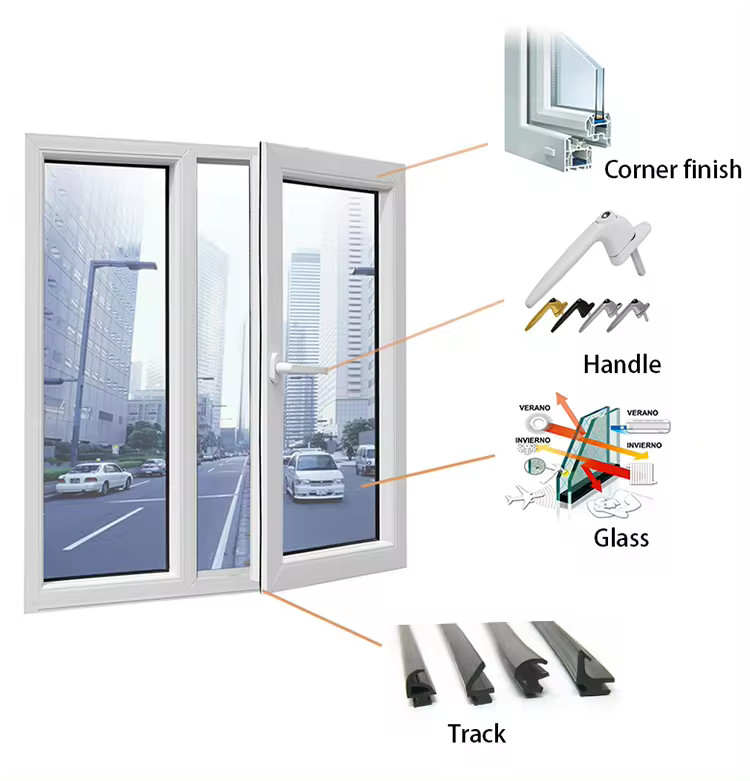 Tempered Glass White UPVC Casement Glass Window Anti UV Wind Resistant European Style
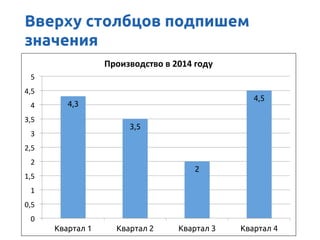 4,3
3,5
2
4,5
0	
 
0,5	
 
1	
 
1,5	
 
2	
 
2,5	
 
3	
 
3,5	
 
4	
 
4,5	
 
5	
 
Квартал 1 Квартал 2 Квартал 3 Квартал 4
Производство	
 в	
 2014	
 году	
 
Вверху столбцов подпишем
значения
 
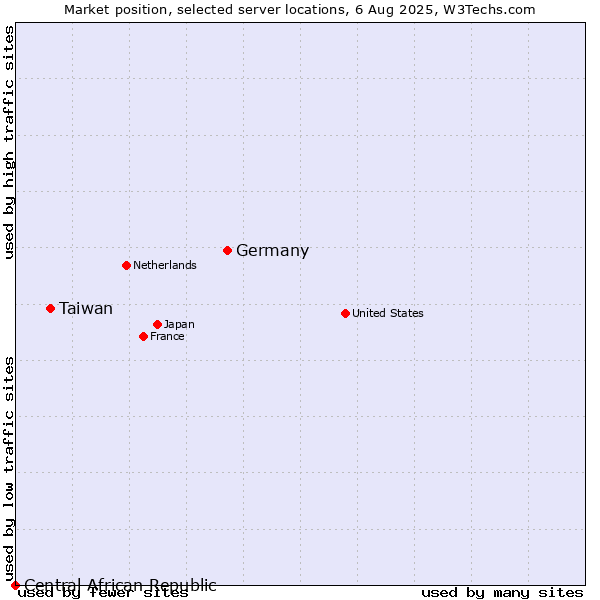 Market position of Germany vs. Taiwan vs. Central African Republic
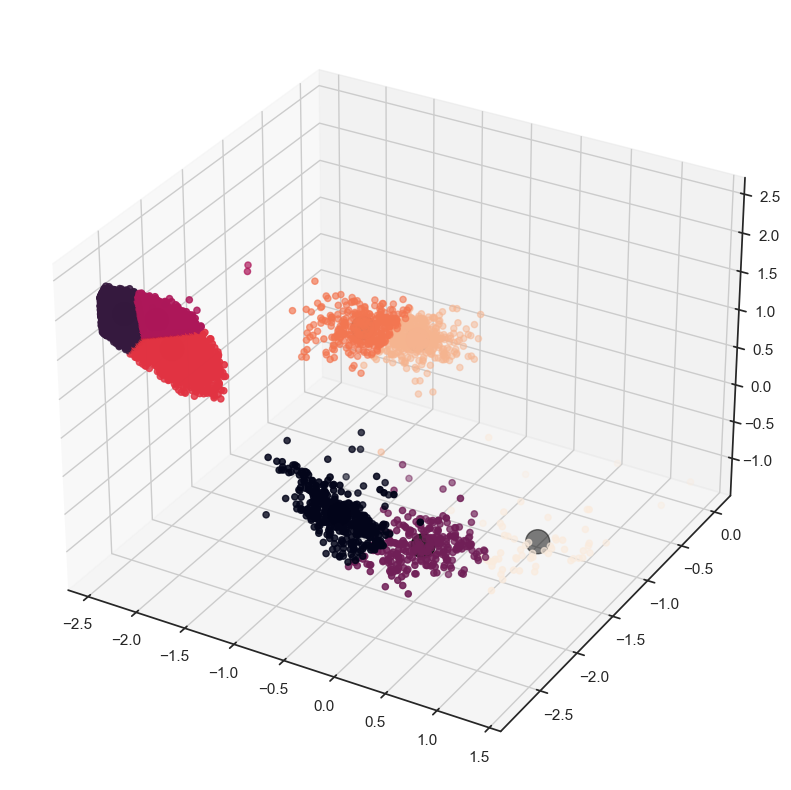 ../_images/3.1_clustering_54_2.png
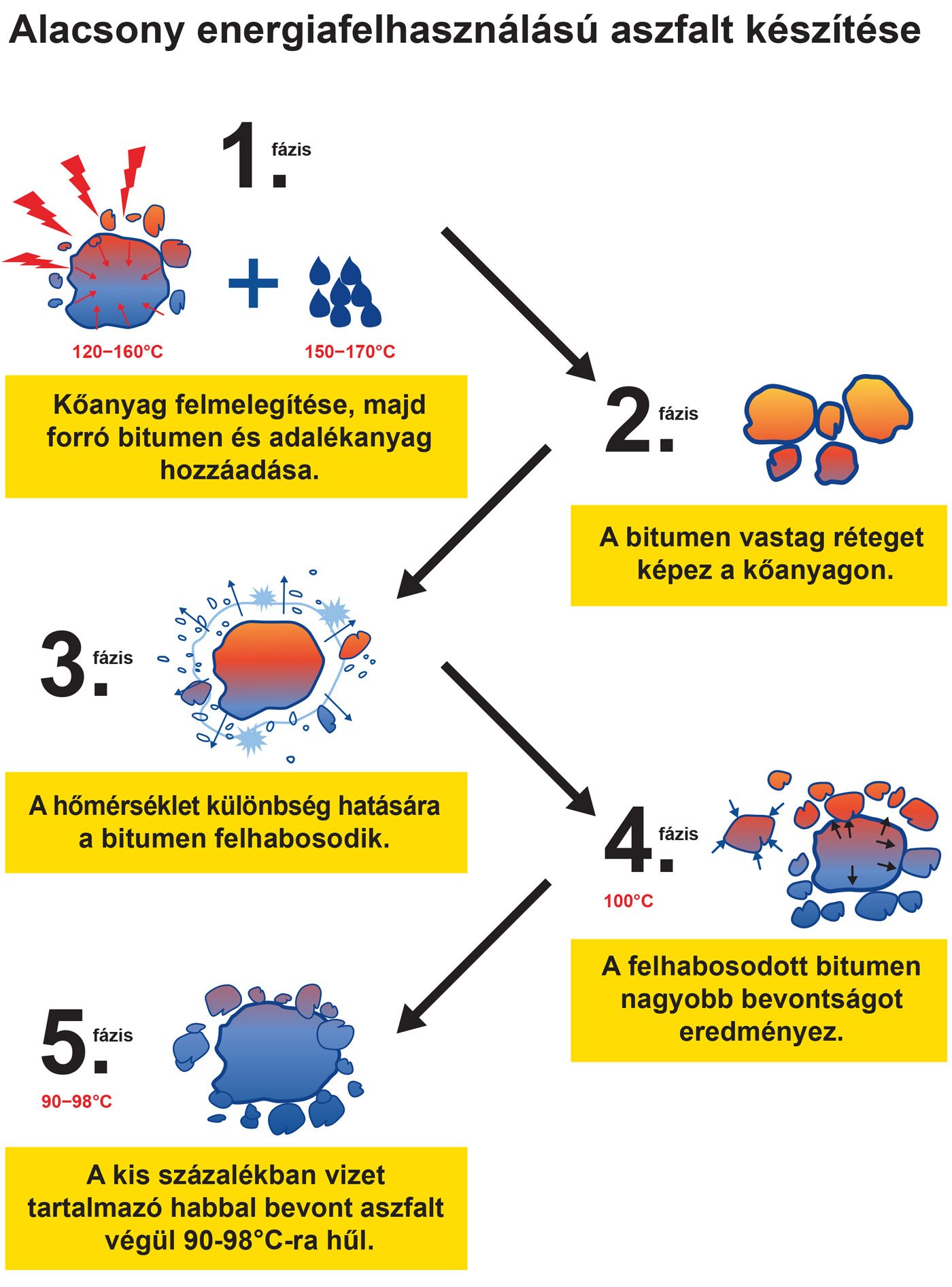 Terülj, terülj, aszfaltkám!! 13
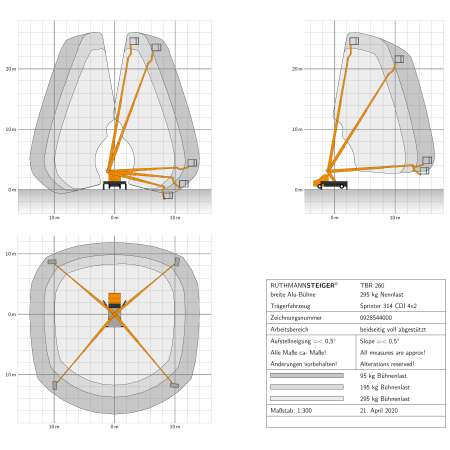 Höhen- und Reichweiten Diagramm TBR-260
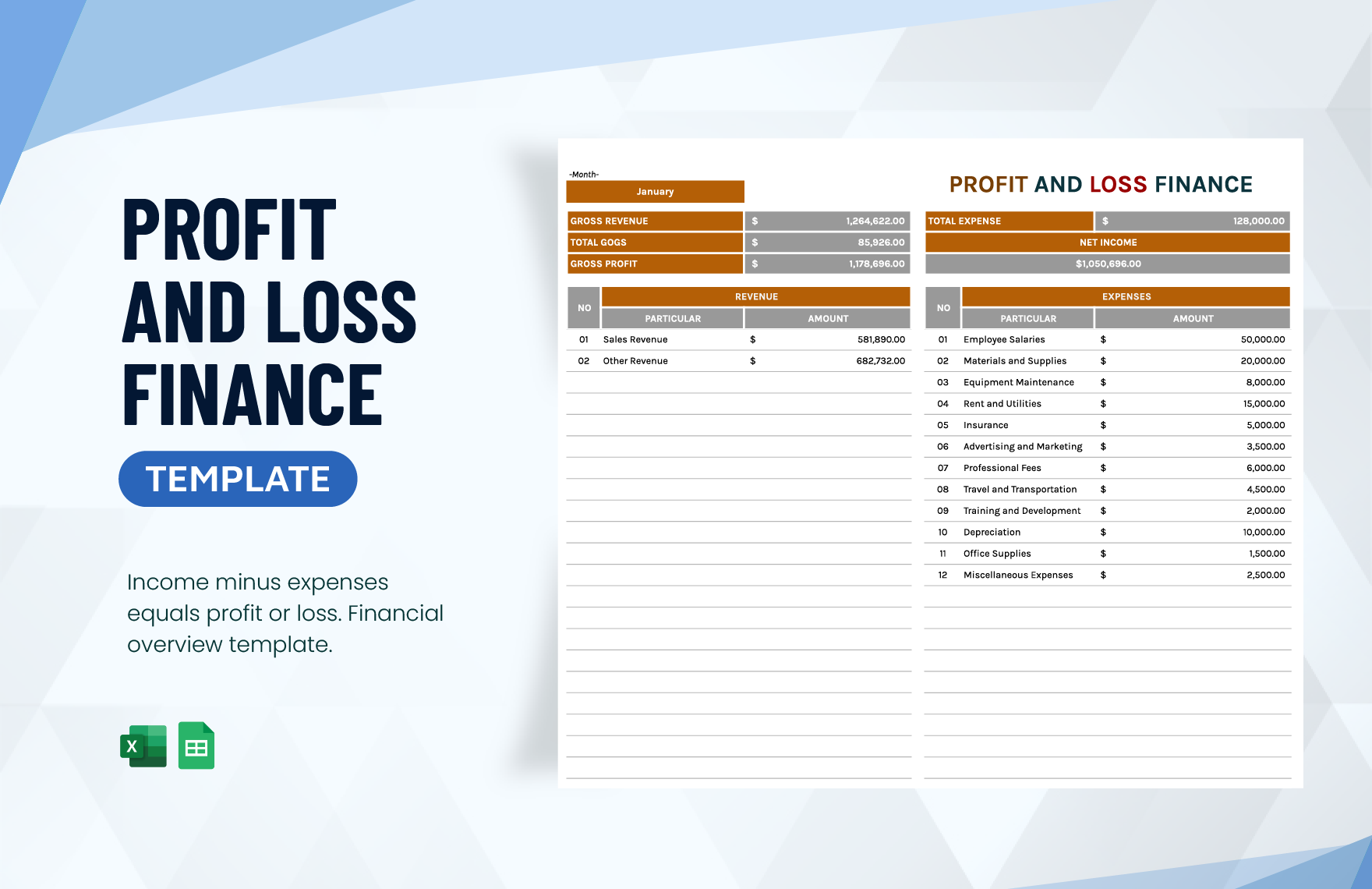 Profit and Loss Finance Template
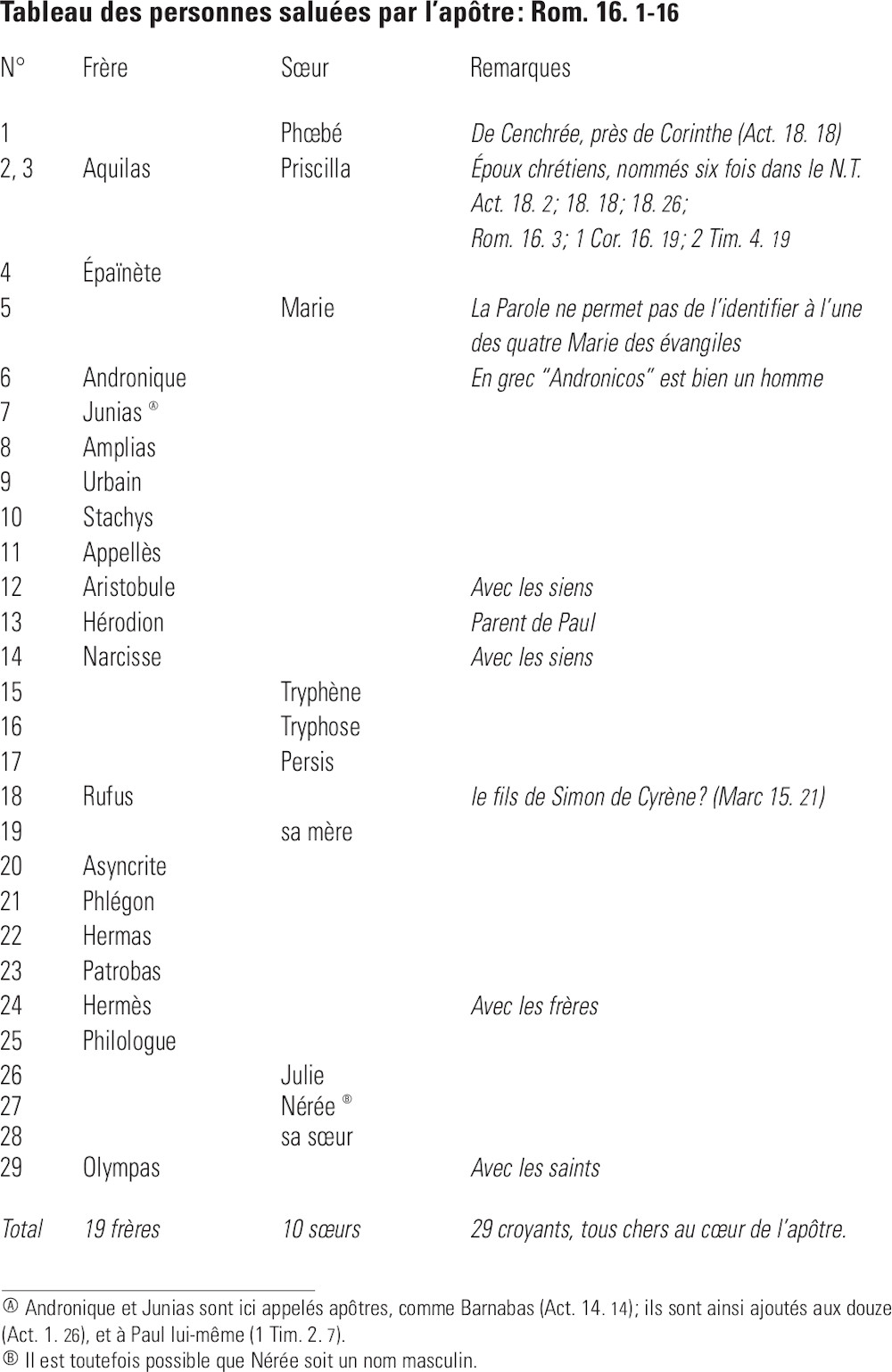 Tableau des personnes saluées par l’apôtre en Romains 16. 1-16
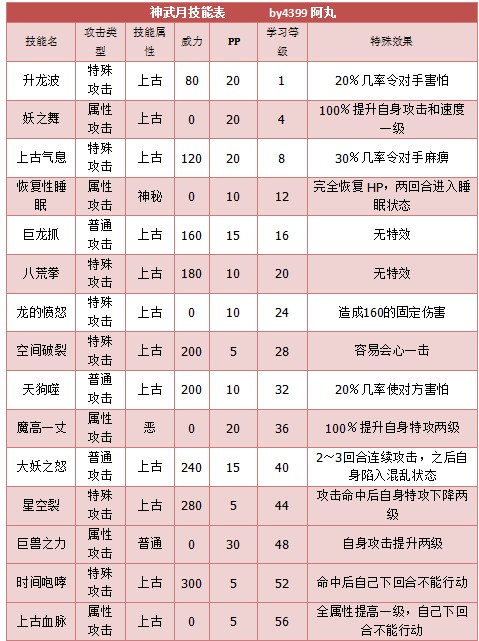 奥拉星赤月-红霜月-神武月进化图；神武月技能表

_Task item_.
Leave the pictures out. Output exactly, and only, the lines from the one with "Profit and Loss Finance Template" through the last line of the listing above, both included.

_Task output_.
 Profit and Loss Finance Template
 Tableau des personnes saluées par l’apôtre en Romains 16. 1-16
 奥拉星赤月-红霜月-神武月进化图；神武月技能表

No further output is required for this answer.